Per ogni donna, o Barbie, sicura di sé, capace e di successo, c’è un uomo, o Ken, insicuro, fragile e di medio/basso successo. Questa è la formula segreta di Barbieland, che rimane sempre un luogo di fantascienza. Un empowerment tutto femminile che sembra aggiungere piuttosto che togliere, e che ha a che fare con la conquista di nuovi di spazi e di nuovi ruoli, e un empowerment maschile che pare somigliare al famoso passo indietro di Amadeus e che avvicina gli uomini al mondo descritto come femminile. Tutto schematico, didascalico e un po’ moralista, sì, ma anche divertente se condito da battute sagaci e canzoni orecchiabili.
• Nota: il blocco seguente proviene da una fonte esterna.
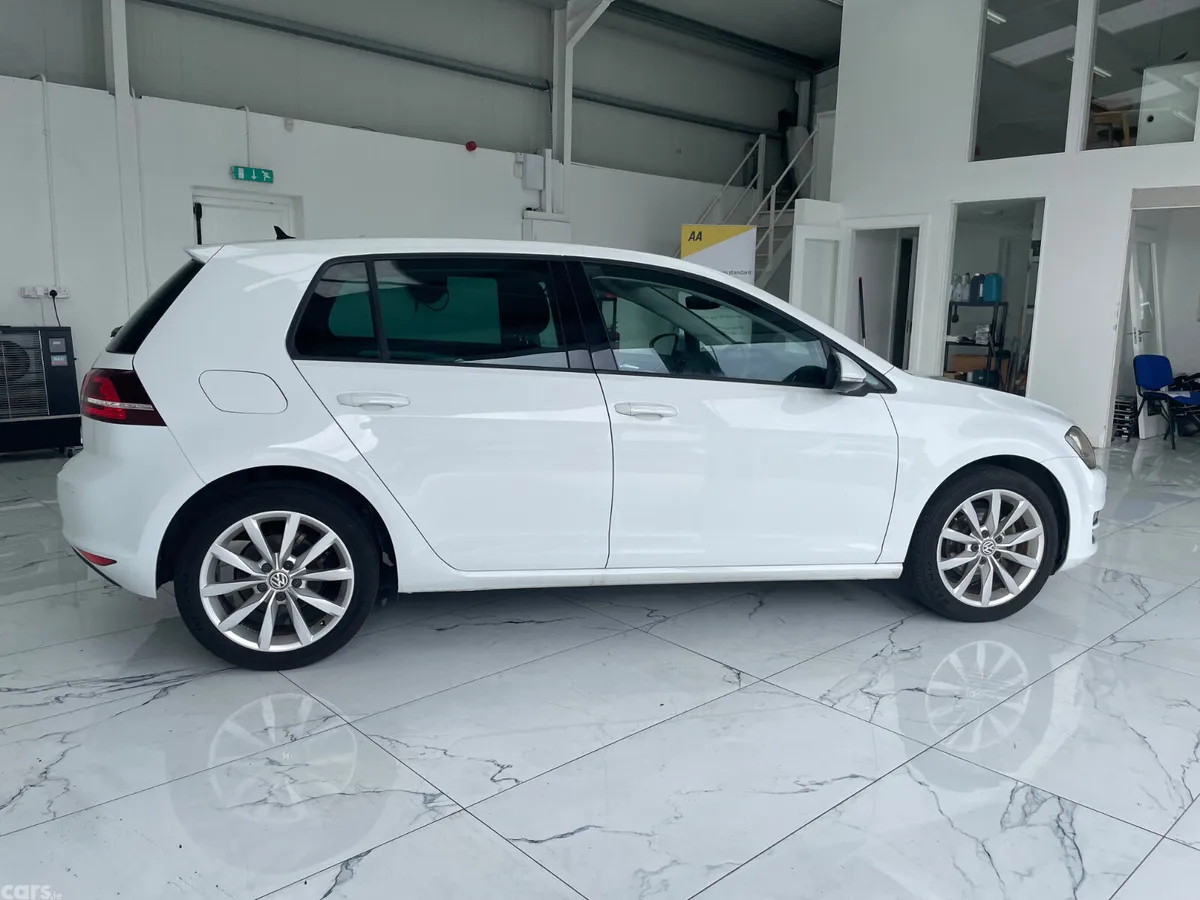 Volkswagen Golf Hatchback, Petrol, 2017, White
Però no, il nuovo mondo che molte femministe auspicano non può essere abitato da donne che diventano i nuovi uomini e da uomini che diventano le nuove donne, un modello rovesciato dove i principi di funzionamento sono gli stessi: chi prende e chi lascia per via di caratteristiche decise dalla casa di produzione, che nel nostro caso è Madre Natura.
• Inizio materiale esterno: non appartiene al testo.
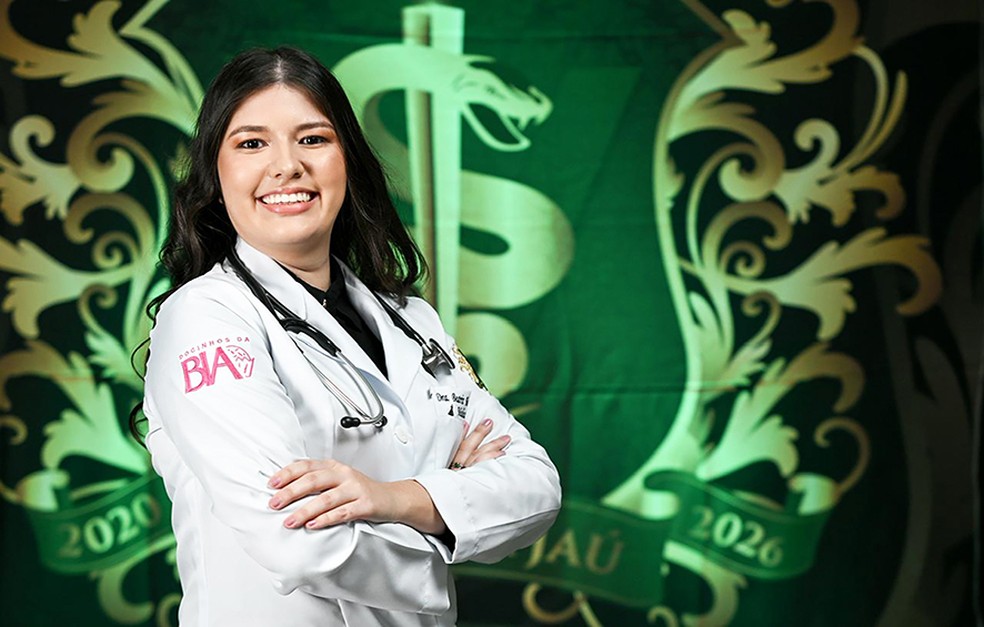 2 de 3
Beatriz Mattosinho, aluna do 6º termo de Medicina, ressalta a importância do período de internato para a sua formação — Foto: Cedida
In questa lotta fratricida in cui si decide il presidente di Barbieland o il nuovo giudice della Corte Suprema, c’è America Ferrera che alza il ditino e ci tiene a ribadire che non abbiamo tutte grandi aspirazioni o spiccate qualità, non vogliamo tutte diventare astronaute o cape di stato, alcune di noi sognano figli e non hanno ambizioni professionali, altre vogliono essere mamme e professioniste di successo, altre ancora vogliono realizzarsi solo nel lavoro e c’è chi non ha ancora capito cosa fare della propria vita. Non sognare lo Studio Ovale può essere una scelta e non sempre una conseguenza del patriarcato. A spiegare l’autodeterminazione alle Barbie e ai loro creatori, ci pensa giustamente una donna in carne ossa che nel mondo reale non ha linee guida da seguire e che ha conosciuto, come ogni umano, il fallimento.
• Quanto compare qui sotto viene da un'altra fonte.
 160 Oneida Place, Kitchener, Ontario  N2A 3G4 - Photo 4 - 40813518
Buoni sentimenti, catechismo, morali e metafore, questo il modo con cui Greta Gerwing utilizza Barbie per raccontare l’emancipazione e la battaglia tra i sessi, temi densi e complessi che tra una canzone e un balletto virano sull’esistenzialismo e sul senso di ogni vita, che, a quanto pare – sorpresa – ha tante forme quanti sono gli individui sulla terra, o su Barbieland. E sebbene non sia corretto affermare che si tratti di un film sulle femmine rivolto alle femmine, la geniale sequenza finale potrà essere colta in pieno soltanto dalle donne, una frase che è un intero romanzo sul perché l’universo di Barbie sarà sempre fantascienza se paragonato al mondo reale e su quanto sia facile gestire un mondo i cui abitanti sono completamente asessuati.
Mmmm non sono d’accordo! Barbie è geniale. Perché è un film divertente sul patriarcato, che raggiungerà più hearts and minds che ogni possibile pippone femminista, o anche di un bel discorso di AOC. Il problema è che l’Italia è un paese sessista, troppo nervoso e frustrato per parlare di questi temi in modo rilassato, con semplicità e anche leggerezza.